Cardinal Query Sins

October 6, 2009

I am not an agent. I do not have an agent. I did once talk to an agent on the phone. I babbled. My cousin happened to be with me at the time (we were having lunch) and, afterward, said I hadn’t looked that nervous since I decided to ask Brent C to the eighth grade formal dance.

All of this is a roundabout way of telling you that I am completely unqualified to give query advice. That won’t, however, stop me from presenting you with my list of TOP TEN CARDINAL QUERY SINS (I figured it deserved capital letters).

  1. Start off with a rhetorical question. I’m not saying they can never work but enough agents hate them that you’re probably better off steering clear.
  2. Mention movie potential. Mentioning series potential is debatable (I think it’s fine for certain genres, others disagree) but mentioning movie potential is definitely the sign of an amateur. Concentrate on selling the agent on your book.
  3. Mention that another agent passed but said your character, plot, premise (insert item of choice) was great. You’d think this one would be common sense but, alas, not always.
  4. Use the words “fiction novel” (science fiction novel, however, is fine). I’ve read this in more than one query and it sets my teeth on edge.
  5. Tell the agent that this is your first book. Good agents are sharp (and , hopefully, you’re only querying good agents). When you don’t list your publishing credits, they’ll figure things out.
  6. Quote your characters. Don’t. Just don’t.
  7. Compare your novel to Twilight.
  8. Waste space on irrelevant details. You don’t have to tell the agent that you love to write or that you have a blog about kittens (unless your book is about cats). The goal of your query is to interest an agent enough to read your pages. Always ask yourself if the details you are including work towards that goal.
  9. Begin with “Dear Agent/Sir or Madame”. You spent year(s) working on your manuscript. For the love of 12 point Times New Roman, take a few seconds to properly address the query letter. And, for the love of Courier, don’t Cc other agents when you send it. One agent. One letter. One email.
  10. I leave up you, faithful commentators. What’s your cardinal query sin?

– Kathleen who receieved some wonderful feedback (on AW) about her query letter from Janice Hardy. Her new MG book, The Shifter, hits shelves today. Congrats Janice!



  1. So, I shouldn’t say that my kitten purrs the loudest when I read from page 21 of my Twilight-esque paranormal romance, and I quote, “Eduardo stroked my hair, like he would a tiny kitty. I lapped up his love like sweet milk.” ???????

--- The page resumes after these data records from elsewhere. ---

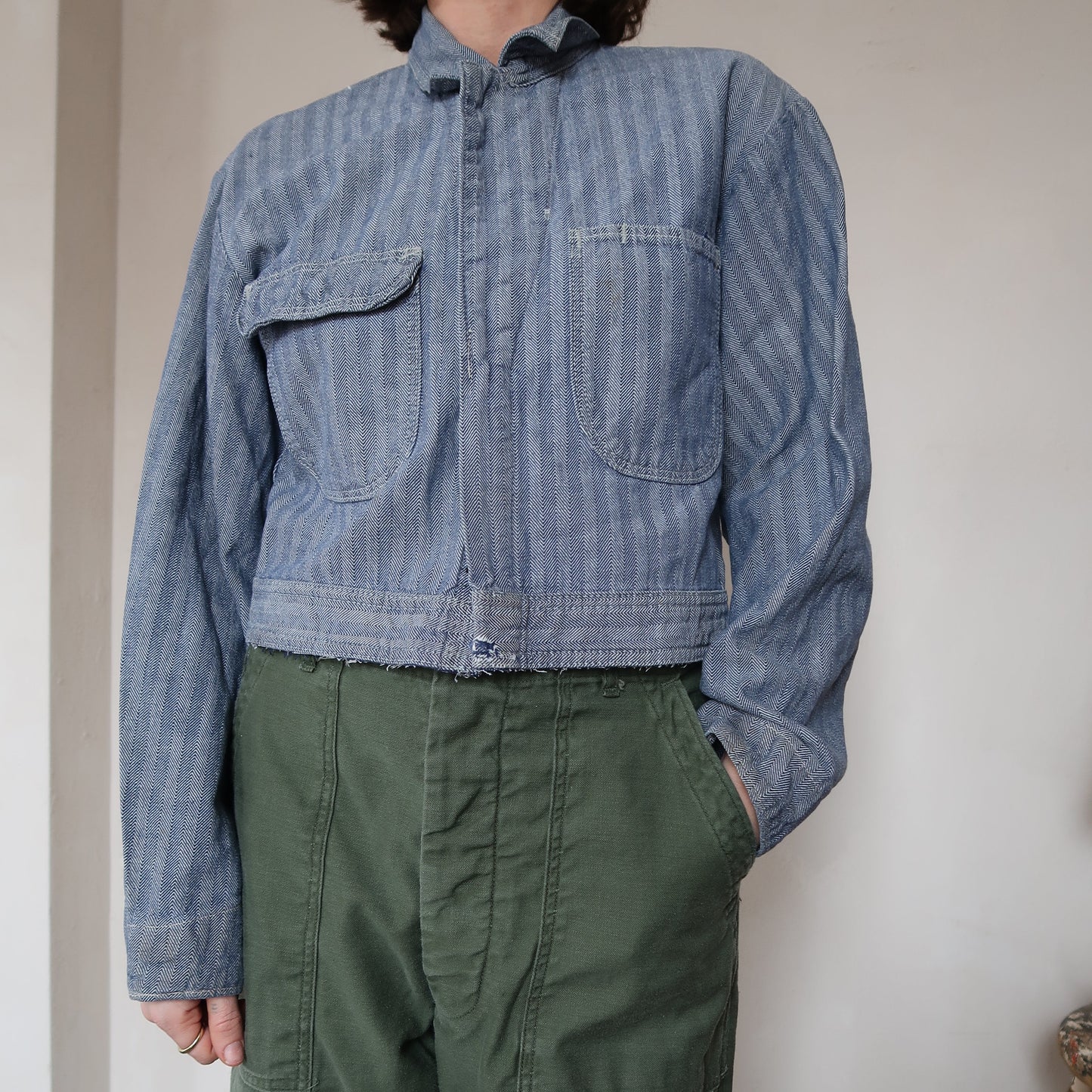 Striped Twill Cropped Chore Jacket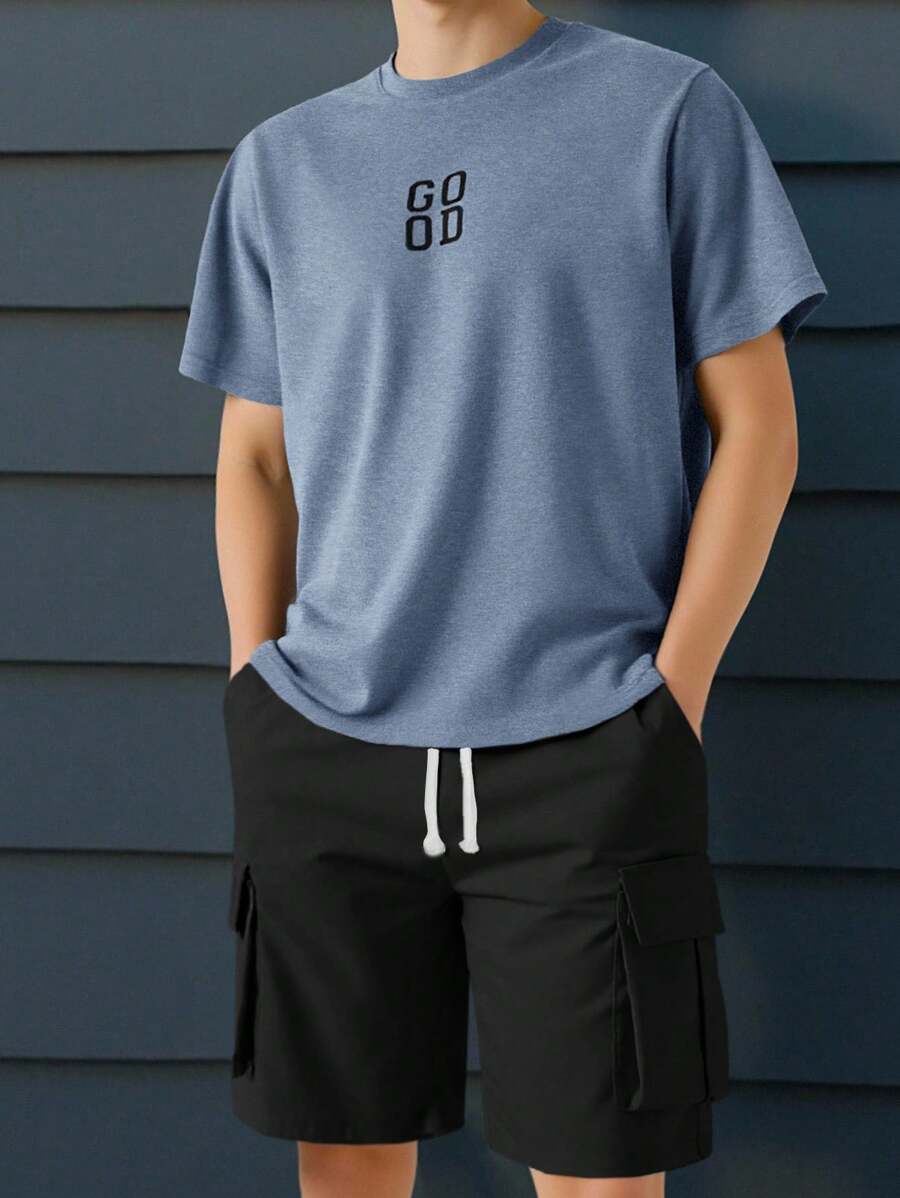 SHEIN Dusty Blue Tween Boys Round Neck Tee And Shorts Set For Everyday Casual Style - Dusty Blue - View 1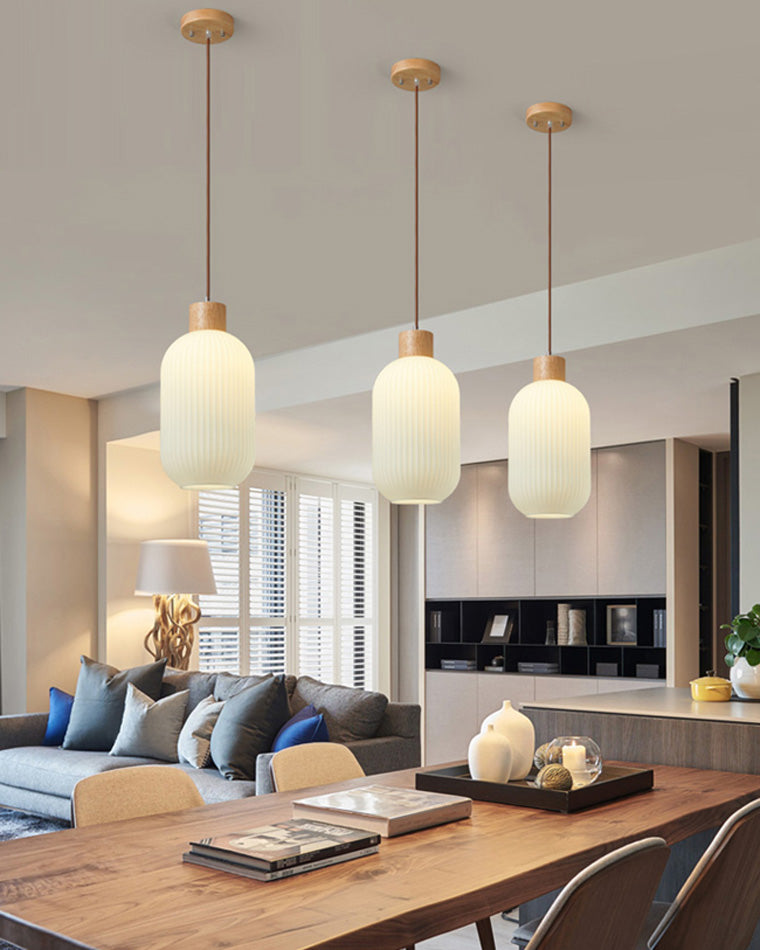 Diff Ribbed Milk Glass Lantern Pendant Light-DF2115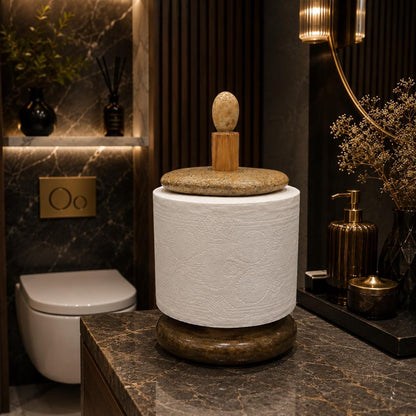 Toilet Paper Holder Stone – natural stone bathroom accessory – alternate angle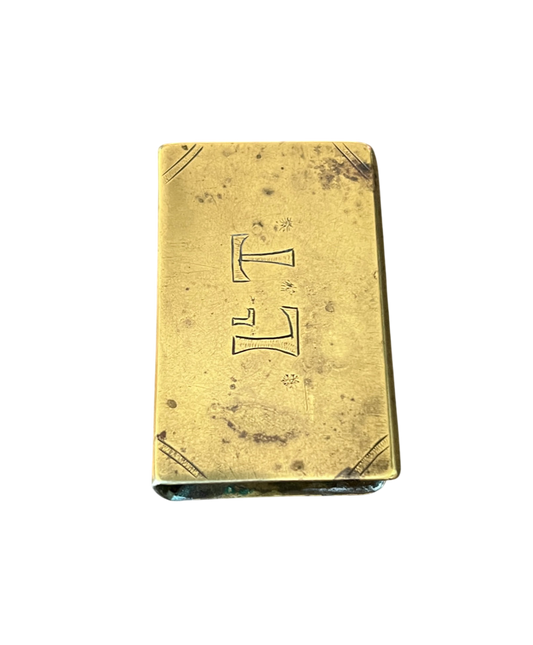Authentic WWI South Wales Borderers (SWB) Brass Trench Art Matchbox Cover & Period Matchbox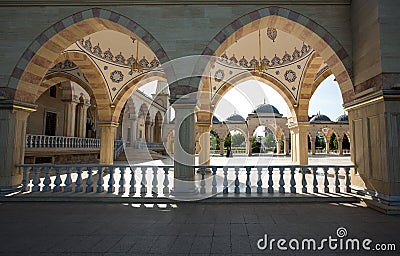 Square in front of the Mosque `Heart of Chechnya`. Stock Photo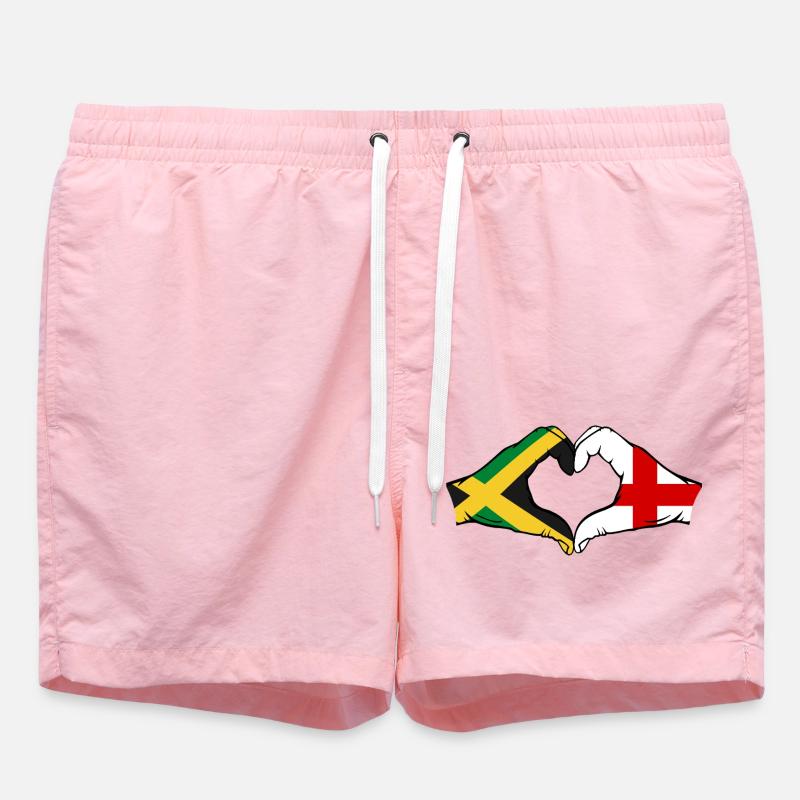 Jamaica England Hands Heart Shape - Swim Trunks - pink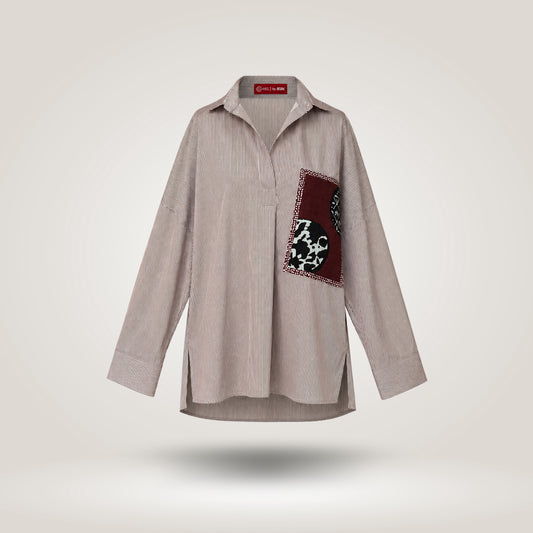 White Maroon Olive Blouse by NES (S-M)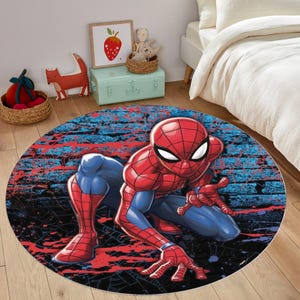 SpiderMan, tapis Spider Man, tapis de chambre d&#39;enfant, tapis Spiderman, cadeau pour lui, tapis populaire, tapis de chambre de garçon, tapis personnalisé, tapis de salon, tapis rond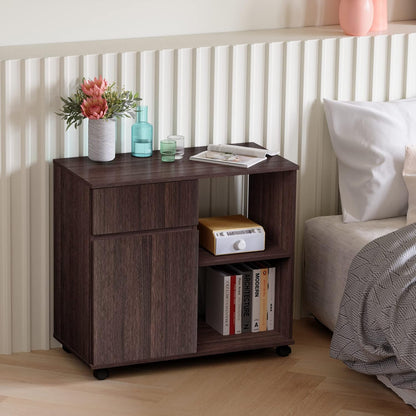 Bestier Bookcase, Wood, Brown, 15.7" D x 31.5" W x 28.9" H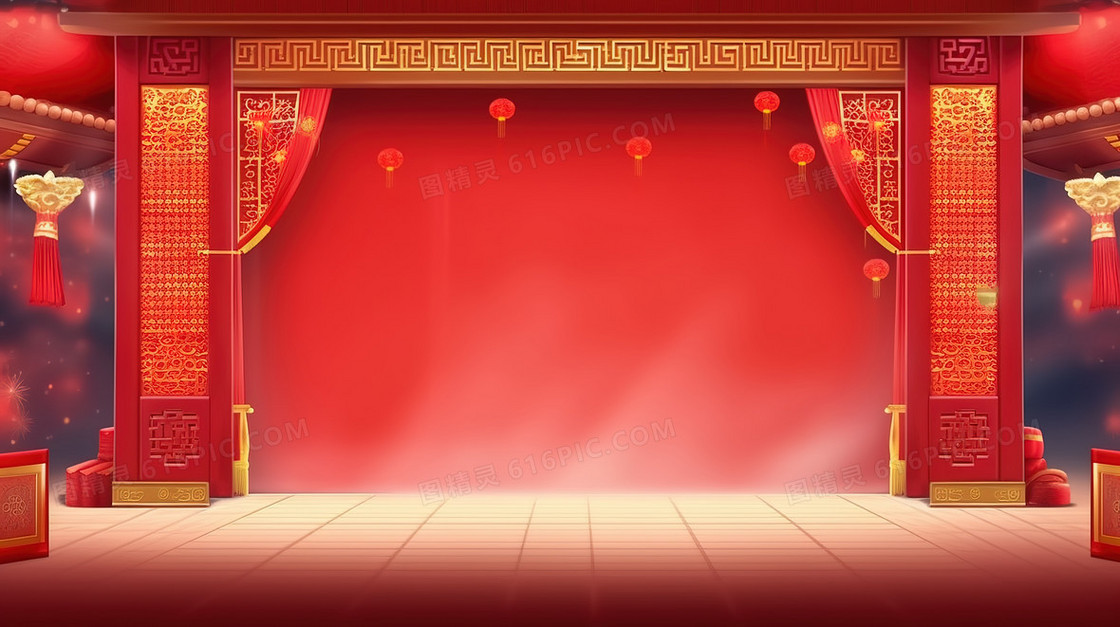 中国风红色古典舞台背景插画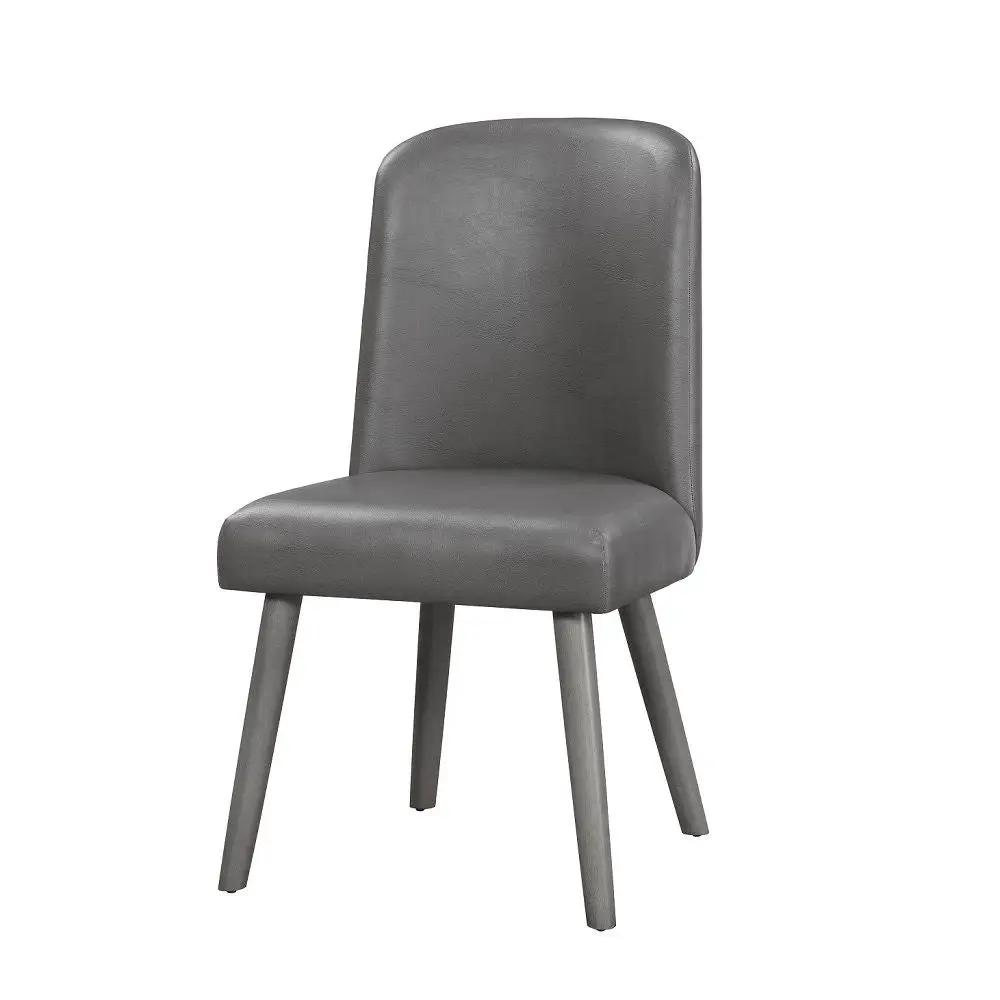 Waylon - Side Chair (Set of 2) - Gray Synthetic Leather & Gray Oak by Unique Piece Furniture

    How about a YouTube homemade book trailer link? 😀

  2. You mean, I shouldn’t say my Love Interest is Edward-esque? Lol. Great post! I’d add:

    DON’T call the agent by the wrong name. Example: Apparently, Ginger Clark at Curtis Brown gets addressed as Ms. Brown quite frequently. Yikes. Also, calling her Mrs. Clark vs. Ms.? No. Take the time to get the name correct–because turning the agent off with the salutation? Never a good idea.

    DON’T forget word count. Oh, and while we’re at it–please round. Another good way to distinguish yourself as an amateur is to say, “My YA novel, complete at 72,369 words.”

  3. Great advice, and nicely helpful. Just one question:

    How’d things turn out with Brent?

  4. Sadly, before I could ask him, my best friend humiliated me by getting his little sister to ask him if he liked me.

    I didn’t talk to my friend for months and he ended up taking Stacy to the dance who, being bulimic, kept making excuses to go to the washroom.

    – Kathleen

  5. You should write about this, Kathleen. Sounds like a YA novel in the making, loosely based on actual events. HAHA! Just saying. 🙂

  6. My first query letter was so terrible, I committed more like 30 sins. TERRIBLE!